4

I have some page parsed with beautiful soup. But there I have js code :

<script type="text/javascript">   


var utag_data = {
            customer_id   : "_PHL2883198554", 
            customer_type : "New",
            loyalty_id : "N",
            declined_loyalty_interstitial : "false",
            site_version  : "Desktop Site",
            site_currency: "de_DE_EURO",
            site_region: "uk",
            site_language: "en-GB",


            customer_address_zip : "",
            customer_email_hash :  "",
            referral_source :  "",
            page_type : "product",
            product_category_name : ["Lingerie"],
            product_category_id :[jQuery("meta[name=defaultParent]").attr("content")],
            product_id : ["5741462261401"],
            product_image_url : ["http://images.urbanoutfitters.com/is/image/UrbanOutfitters/5741462261401_001_b?$detailmain$"],
            product_brand : ["Pretty Polly"],
            product_selling_price : ["20.0"],
            promo_id : "6",
            product_referral : ["WOMENS-SHAPEWEAR-LINGERIE-SOLUTIONS-EU"],
            product_name : ["Pretty Polly Shape It Up Tummy Shaping Camisole"],
            is_online_only : true,
            is_back_in_stock : false
}
</script>

How can I get some values from this input?
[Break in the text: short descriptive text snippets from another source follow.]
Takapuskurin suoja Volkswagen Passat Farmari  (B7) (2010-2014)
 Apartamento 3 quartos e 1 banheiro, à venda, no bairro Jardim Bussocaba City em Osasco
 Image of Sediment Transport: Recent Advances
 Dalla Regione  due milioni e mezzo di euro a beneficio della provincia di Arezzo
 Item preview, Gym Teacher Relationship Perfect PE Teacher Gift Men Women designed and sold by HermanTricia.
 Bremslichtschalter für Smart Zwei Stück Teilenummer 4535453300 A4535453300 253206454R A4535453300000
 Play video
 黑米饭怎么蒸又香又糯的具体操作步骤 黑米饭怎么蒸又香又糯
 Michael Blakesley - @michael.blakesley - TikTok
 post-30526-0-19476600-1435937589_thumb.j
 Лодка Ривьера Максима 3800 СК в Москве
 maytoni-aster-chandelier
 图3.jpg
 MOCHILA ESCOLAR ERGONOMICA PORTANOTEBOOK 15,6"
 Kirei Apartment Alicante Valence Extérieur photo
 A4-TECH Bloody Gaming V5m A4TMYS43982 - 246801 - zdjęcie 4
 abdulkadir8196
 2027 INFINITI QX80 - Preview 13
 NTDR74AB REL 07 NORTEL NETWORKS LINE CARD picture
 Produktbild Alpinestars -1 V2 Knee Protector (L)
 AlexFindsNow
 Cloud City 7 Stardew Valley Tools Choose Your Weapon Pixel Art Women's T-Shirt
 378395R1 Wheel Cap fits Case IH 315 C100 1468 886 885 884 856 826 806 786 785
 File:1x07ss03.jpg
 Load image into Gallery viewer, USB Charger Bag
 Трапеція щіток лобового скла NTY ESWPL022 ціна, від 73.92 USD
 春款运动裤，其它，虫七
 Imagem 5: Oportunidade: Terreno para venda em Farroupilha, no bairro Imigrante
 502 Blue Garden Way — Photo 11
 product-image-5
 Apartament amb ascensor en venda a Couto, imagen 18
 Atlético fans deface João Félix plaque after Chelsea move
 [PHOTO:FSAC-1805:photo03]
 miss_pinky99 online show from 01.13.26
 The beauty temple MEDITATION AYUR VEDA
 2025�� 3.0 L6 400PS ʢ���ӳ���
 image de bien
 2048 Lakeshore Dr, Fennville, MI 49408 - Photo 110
Should I work with this example like with text? I mean write it to some variable and split and then take some data?

Thanks

user3761151
  • 143
  • 1
  • 7

1 Answers1

5

Once you have the text of the script via

js_text = soup.find('script', type="text/javascript").text

for example. Then you can use regex to find the data, I'm sure there is an easier way to do this but regex shouldn't be hard as well.

import re
regex =  re.compile('\n^(.*?):(.*?)$|,', re.MULTILINE) #compile regex
js_text = re.findall(regex, js_text) #  find first item @ new line to : and 2nd item @ from : to the end of the line or , 
js_text = [jt.strip() for jt in js_text] #  to strip away all of the extra white space.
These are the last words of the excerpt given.